Sonic Foundry finds new funding source — within its own board
Sonic Foundry has closed on a $5 million loan — from the chairman of its board of directors.
It’s not an expansion of the debt held by the Madison streaming media and video archiving company but rather a replacement of its longtime revolving line of credit from Silicon Valley Bank, CEO Gary Weis said.
With the reporting requirements and restrictions tied to a bank line of credit, “we concluded we could do things to make the business more efficient if we had a different form of lending,” Weis said.
The five-year, $5 million loan, at 9 percent interest, is from Mark Burish, a Madison attorney and member of Sonic Foundry’s board since 2010.
The loan follows another recent financial move by Sonic Foundry.
In December, the company switched from the Nasdaq market to the OTC (over-the-counter) market. Weis said that change also provides more flexibility.
Sonic stock had been traded on Nasdaq since 2000, two years after staging its initial public offering on the American Stock Exchange, now known as the NYSE American.
On Nasdaq, the company’s share price lagged, making it hard to meet Nasdaq’s requirements for listed companies.
Weis said Sonic took a $600,000 non-cash impairment charge in 2017 based on a drop in “goodwill” — the intangible value of its acquisitions and its brand — and was facing an even larger charge for 2018 along with the “continued erosion of the stock price.”
A goodwill charge is “purely an accounting thing,” he said.
So, rather than raise a large amount of equity that Nasdaq would have required, the company voluntarily took the goodwill charge and moved to the OTC market.
“We really are a very small company to be a public company; that’s just the reality of it,” Weis said. “This allows us to spend more time focusing on fundamentals of the business.”
The business itself, Weis said, is “very solid” and no jobs have been cut.
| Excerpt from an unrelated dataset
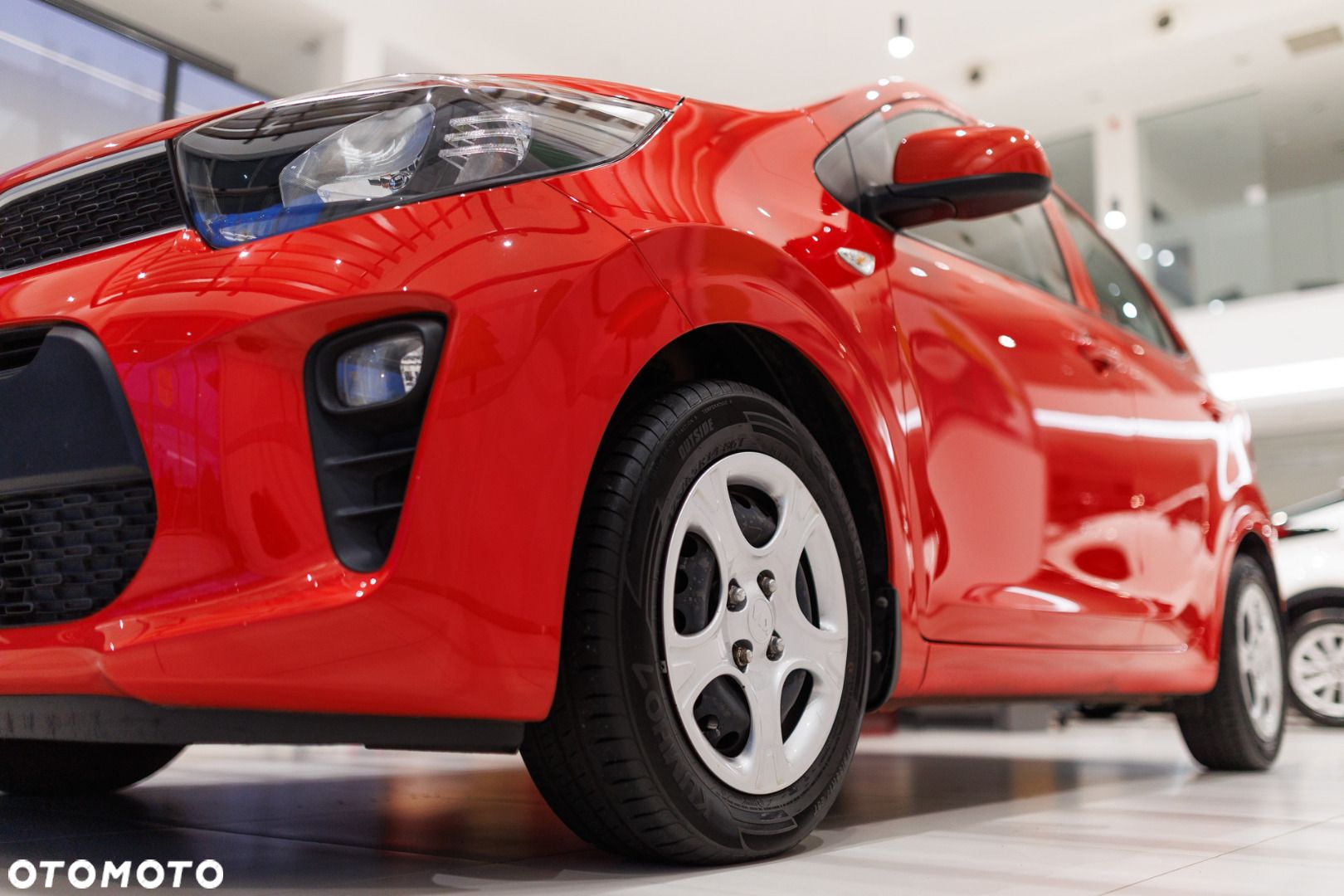 Kia Picanto - 19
Sonic has about 180 employees worldwide, including 90 in Madison, at 222 W. Washington Ave.
A preliminary report on Sonic’s fiscal fourth quarter that ended Sept. 30, 2018, showed the company had $8.5 million in revenue, up from $8.3 million in the same period of 2017, but a net loss of $10.7 million, or $2.14 a share, due to an $11.8 million goodwill impairment charge. That’s wider than the company’s $1.6 million net loss, or 37 cents a share, for the 2017 fourth quarter.
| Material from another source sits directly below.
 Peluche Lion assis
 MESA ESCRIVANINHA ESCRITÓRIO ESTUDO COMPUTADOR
The company’s report for the full 2018 fiscal year has not been released yet.
Meanwhile, Sonic’s Mediasite hardware and software — primarily sold to colleges and universities for recording and archiving class lectures — has found a new type of audience: coffee drinkers.
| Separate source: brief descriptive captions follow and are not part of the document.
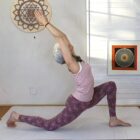 2024-2025 Matinée de Yoga 6 Postures d'Extensions Anjaneyasana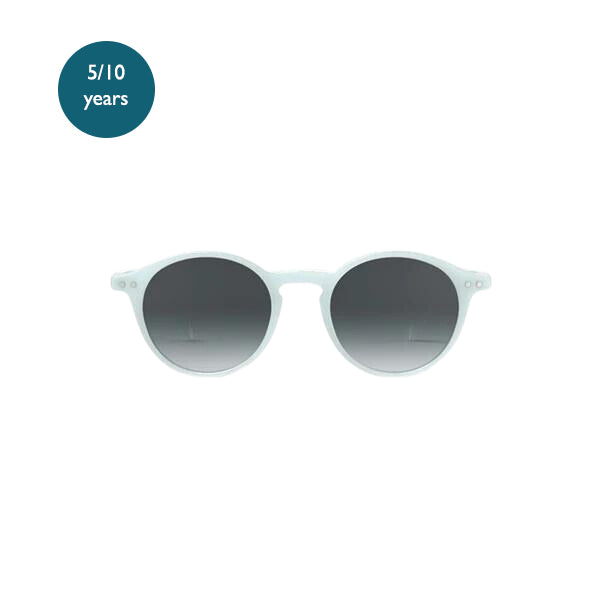Misty Blue Day Deam Junior Sunglasses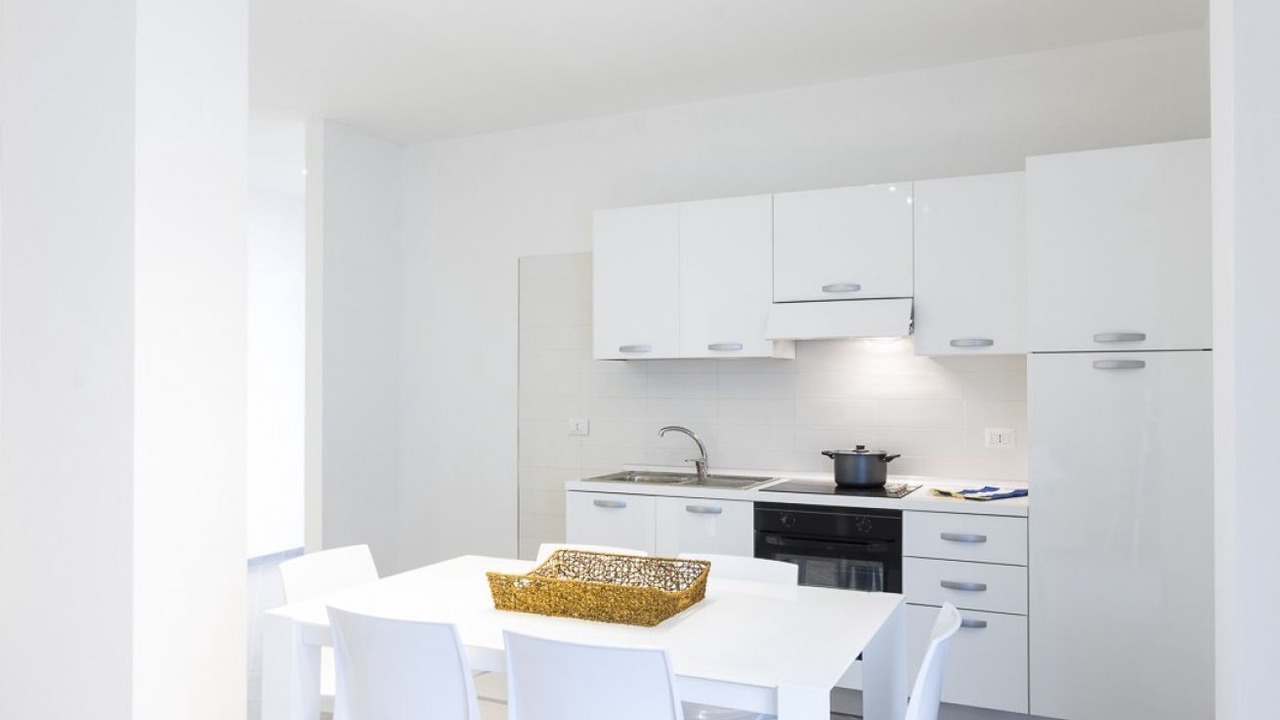 Photo of Kitchen in Otranto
Sonic Foundry has teamed with Briggo, an Austin, Texas, company with customized coffee ordered via mobile app or touch screen in airports, convention centers and corporate offices. Each Briggo “Coffee Haus” now provides video panels with entertainment and messages provided to customers via Mediasite technology.
Weis said it’s a new market Sonic hopes to plumb as more businesses look to use video “to enhance their appeal to their customers.”